You wouldn't say people in L.A. shouldn't play around with electric guitars, but the only thing you see more of in pawn shops out there are handguns, and the only reason people go into pawn shops is because they booked themselves more bad news than they could handle. And that's because the bullshit life seems so beautiful in California, and that's because it's fun to hold something that makes you feel like you could get into trouble. But out of such bad news came last summer's Let's Get Rid of L.A., a roll-call comp of a scene teetering into temporary stability, and now out of that album come two debut full-lengths from the bands that book-ended Side A--and book-ended the L.A. music misadventure, too. The Rolling Blackouts went up, up, up, recently getting kicked off the Warped Tour for urinary misconduct ("Your punk rock careers are over!" shouted some suit). And the Alleged Gunmen? They're not even in the gutter--someone could still trip over you in the gutter. Maybe the pawn shop guy knows where they are.

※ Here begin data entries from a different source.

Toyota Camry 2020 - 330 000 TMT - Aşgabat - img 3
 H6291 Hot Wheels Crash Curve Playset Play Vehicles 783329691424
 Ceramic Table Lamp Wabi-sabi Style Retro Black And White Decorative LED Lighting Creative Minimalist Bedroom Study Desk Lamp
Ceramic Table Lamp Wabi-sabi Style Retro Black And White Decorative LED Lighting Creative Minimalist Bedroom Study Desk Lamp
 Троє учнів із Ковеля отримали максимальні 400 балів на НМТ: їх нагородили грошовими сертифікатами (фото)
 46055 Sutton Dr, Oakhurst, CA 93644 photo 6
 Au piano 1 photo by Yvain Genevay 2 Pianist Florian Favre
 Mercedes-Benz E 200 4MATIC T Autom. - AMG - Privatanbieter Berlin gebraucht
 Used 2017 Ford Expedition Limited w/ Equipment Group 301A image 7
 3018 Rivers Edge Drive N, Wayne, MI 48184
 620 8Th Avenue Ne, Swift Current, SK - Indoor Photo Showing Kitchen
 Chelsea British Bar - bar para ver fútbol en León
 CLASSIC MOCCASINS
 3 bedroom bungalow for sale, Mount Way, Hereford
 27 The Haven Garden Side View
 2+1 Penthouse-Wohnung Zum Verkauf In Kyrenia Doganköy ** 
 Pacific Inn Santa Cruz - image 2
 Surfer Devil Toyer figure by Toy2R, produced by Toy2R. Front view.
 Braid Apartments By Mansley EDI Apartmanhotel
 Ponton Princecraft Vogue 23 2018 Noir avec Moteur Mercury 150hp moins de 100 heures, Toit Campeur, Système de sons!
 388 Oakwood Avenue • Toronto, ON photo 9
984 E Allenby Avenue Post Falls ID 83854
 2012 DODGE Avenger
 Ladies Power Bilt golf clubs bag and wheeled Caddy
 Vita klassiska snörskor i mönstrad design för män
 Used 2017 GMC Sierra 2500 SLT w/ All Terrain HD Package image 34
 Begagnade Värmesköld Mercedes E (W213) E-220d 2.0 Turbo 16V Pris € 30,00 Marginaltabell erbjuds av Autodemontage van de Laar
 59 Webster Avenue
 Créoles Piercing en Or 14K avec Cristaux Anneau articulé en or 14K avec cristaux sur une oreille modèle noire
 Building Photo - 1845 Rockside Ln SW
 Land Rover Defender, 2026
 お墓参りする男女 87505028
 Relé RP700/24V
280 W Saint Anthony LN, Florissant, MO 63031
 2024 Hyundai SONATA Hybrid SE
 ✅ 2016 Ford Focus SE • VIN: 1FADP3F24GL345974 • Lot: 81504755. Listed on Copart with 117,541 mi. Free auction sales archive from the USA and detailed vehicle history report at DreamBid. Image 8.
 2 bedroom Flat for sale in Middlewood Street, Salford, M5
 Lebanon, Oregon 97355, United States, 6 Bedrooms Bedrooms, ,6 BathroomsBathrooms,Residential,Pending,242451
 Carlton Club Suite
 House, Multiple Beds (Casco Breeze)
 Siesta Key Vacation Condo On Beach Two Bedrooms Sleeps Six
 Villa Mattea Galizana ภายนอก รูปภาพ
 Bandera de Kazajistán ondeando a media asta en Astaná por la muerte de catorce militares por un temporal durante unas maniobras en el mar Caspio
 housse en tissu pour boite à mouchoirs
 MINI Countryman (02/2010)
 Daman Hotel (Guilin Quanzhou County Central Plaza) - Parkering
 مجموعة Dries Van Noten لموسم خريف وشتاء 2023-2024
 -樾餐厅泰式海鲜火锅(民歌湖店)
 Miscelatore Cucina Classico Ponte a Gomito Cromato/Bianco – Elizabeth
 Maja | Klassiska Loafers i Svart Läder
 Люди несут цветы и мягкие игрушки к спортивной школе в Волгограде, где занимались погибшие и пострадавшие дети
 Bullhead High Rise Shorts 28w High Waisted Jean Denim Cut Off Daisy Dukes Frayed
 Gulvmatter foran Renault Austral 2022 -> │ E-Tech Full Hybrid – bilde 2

The Blackouts' Black Is Beautiful is a Penthouse letter to tube-amp guitar tone, put to tape as engineer (and Stones Throw funk-remaster master) Dave Cooley gamely gives up his rock-'n'-roll-recording cherry. (Did that sound sleazy? Sorry, it's the guitar tone talking.) The mannered Kinks-isms of last year's lost demos are just straight kink now, hiding under '70s coke-and-porno gloss and Blue Cheer/heavy Who riff-'n'-roll, but the Blackouts got the songwriting so neatly set up (every member is an accomplished guitarist) that all they do now is lean back and let it look easy. The Zep drum breaks ("Ms. Bitter") and the Beach Boys harmonies ("Overdrive") kiss together nicely; it's the power ballad finale ("Without Shakin'") that wobbles, but hey--the things we do for the ladies, huh?

The Gunmen never make that kind of sidestep on Return to Zero, and though the fat dub bass and Jackie Mittoo keys ("Broken Spur") make the Sandinista Clash comparisons stick (especially on the songs about revolution), it's singer George Navarro's guitar cascades that really light their comet's-tail career--from fire to ash in one bright streak. Under the cowboy drag (and Morricone lead lines) is a desperate idealism spread so thin you could sneeze through it and a band--to borrow the metaphor they reach for each morning--that knew they only had one good shot. Or, maybe, didn't know. The last song should have been "Return to Zero," a nice shorthand for their no-bullshit philosophies, in which our heroes walk into the sunset to the tune of Santo and Johnny's "Sleepwalkin'" (Mr. Narrator: "The righteous ones seek another truth/And the dark seems a bit safer.") But instead the credits roll on pushy honky-tonk piano and lyrics that misfire back at them ("It's time to admit defeat/but before the last tune is played..."). These guys, they never knew what to do with what they had right in front of them. Hope they're staying out of trouble, wherever they are.